Coyle Neal is Assistant Professor of Political Science at Southwest Baptist University in Bolivar, Missouri.

3 Responses to “Leviathan: III.XXXIX”

  1. gabe

    Goodness gracious, Ole Hobbes seems to be advocating a return to the “old Time Religion” – by old, I mean ancient, as in each city / polis has its own gods and woe be to him who advances or recognizes any other.

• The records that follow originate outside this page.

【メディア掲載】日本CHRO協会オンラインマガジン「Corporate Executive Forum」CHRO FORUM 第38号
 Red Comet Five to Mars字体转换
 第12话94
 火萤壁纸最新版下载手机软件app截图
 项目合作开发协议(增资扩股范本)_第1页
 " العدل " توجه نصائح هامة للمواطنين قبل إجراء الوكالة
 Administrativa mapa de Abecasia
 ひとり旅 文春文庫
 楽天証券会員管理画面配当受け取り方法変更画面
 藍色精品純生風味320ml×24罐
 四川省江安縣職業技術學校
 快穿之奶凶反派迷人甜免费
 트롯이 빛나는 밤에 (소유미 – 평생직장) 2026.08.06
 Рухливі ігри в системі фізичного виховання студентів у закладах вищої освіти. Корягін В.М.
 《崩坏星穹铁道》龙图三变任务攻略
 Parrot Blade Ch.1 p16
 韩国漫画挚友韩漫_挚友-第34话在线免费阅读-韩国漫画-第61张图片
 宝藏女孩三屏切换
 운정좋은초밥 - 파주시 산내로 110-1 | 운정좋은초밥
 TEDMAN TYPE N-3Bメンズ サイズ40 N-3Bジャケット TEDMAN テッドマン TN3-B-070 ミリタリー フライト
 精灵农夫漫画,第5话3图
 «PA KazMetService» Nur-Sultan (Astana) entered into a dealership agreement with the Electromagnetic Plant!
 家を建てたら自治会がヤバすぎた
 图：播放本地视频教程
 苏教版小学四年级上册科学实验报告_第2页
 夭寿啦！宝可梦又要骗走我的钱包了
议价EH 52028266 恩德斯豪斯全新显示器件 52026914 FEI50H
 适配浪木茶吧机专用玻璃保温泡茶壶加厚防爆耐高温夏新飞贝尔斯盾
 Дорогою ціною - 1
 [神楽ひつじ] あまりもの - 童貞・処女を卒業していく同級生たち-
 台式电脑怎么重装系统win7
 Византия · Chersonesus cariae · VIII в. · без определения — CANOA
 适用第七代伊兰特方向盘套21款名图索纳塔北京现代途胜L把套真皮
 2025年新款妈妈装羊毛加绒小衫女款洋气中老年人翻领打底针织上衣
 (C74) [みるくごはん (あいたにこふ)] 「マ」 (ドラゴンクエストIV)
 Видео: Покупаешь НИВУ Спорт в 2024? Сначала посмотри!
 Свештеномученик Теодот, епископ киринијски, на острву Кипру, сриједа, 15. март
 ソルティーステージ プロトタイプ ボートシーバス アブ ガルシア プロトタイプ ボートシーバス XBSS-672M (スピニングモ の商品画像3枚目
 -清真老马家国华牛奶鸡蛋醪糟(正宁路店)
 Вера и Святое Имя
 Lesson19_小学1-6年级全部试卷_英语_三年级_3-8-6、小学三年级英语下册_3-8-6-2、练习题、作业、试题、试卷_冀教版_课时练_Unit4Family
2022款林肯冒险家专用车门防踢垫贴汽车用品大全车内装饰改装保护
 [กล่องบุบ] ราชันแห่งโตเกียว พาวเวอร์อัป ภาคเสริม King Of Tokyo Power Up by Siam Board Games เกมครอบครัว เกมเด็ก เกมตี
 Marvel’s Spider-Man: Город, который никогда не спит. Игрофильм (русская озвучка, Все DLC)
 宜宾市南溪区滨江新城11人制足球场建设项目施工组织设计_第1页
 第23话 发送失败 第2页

    Here is where Hobbes should have left it ( from today’s Liberty Law Blog – essay by Richard Samuelson discussing / quoting John Adams:

    “A postscript. Don’t despair of the republic:

    Zaleucus was of Locris in Italy, not far distant from Sybaris. He was a disciple of Pythagoras, of noble birth, and admirable morals. Having acquired the esteem and confidence of his fellow-citizens, they chose him for their legislator. Unfortunately, little remains of his laws but their preamble. But this is in a style so superior to that of all the other legislators, as to excite regret for the loss of his code. In this preamble he declares, that all those who shall inhabit the city ought, above all things, to be persuaded that there is a God; and, if they elevate their eyes and thoughts towards the heavens, they will be convinced that the disposition of the heavenly bodies, and the order which reigns in all nature are not the work of men nor of chance; that, therefore, they ought to adore the gods, as the authors of all which life presents us of good and beautiful; that they should hold their souls pure from every vice, because the gods accept neither the prayers, offerings, or sacrifices of the wicked, and are pleased only with the just and beneficent actions of virtuous men. Having thus, in the beginning of his laws, fixed the attention of his fellow-citizens upon piety and wisdom, he ordains, above all things, that there should never be among them any irreconcilable enmity; but, on the contrary, that those animosities which might arise among them, should be only a passage to a sure and sincere reconciliation; and that he who would not submit himself to these sentiments, should be regarded as a savage in a civilized community. The chiefs of his republic ought not to govern with arrogance nor pride; nor should the magistrates be guided in their judgments by hatred nor by friendship.”

    A somewhat more reasoned approach to a) securing civic cohesion, b) civic virtue and c) civic allegiance.

    I’ll take John Adams, thank you.

    take care

    • Coyle Neal

      Heh, well, when it comes to politics I’ll agree with you and take Adams. When it comes to religion, a pox on both their houses…

      For example, Adams on the Incarnation:

      They all believe that great principle, which has produced this boundless Universe… came down to this little Ball to be spit-upon by Jews; and until this awful blasphemy is got rid of, there never will be any liberal science in the world.” (Letter to Jefferson, January 22, 1825)

      • gabe


        Thanks for the quote:

        Interesting, yet not surprising, that so many of these “learned men” – children of the Enlightenment, no doubt – would feel the need to exhibit this sort of disrespect for those for whom they allegedly cared so deeply and while advocating that this nation must be a religious nation for it to succeed.

        It only shows that even the “best and the brightest” are not immune from a) the egoistic need to be seen as “with it” and b) a hypocritical disregard for their “flock.”

        Double the pox on ’em all!!!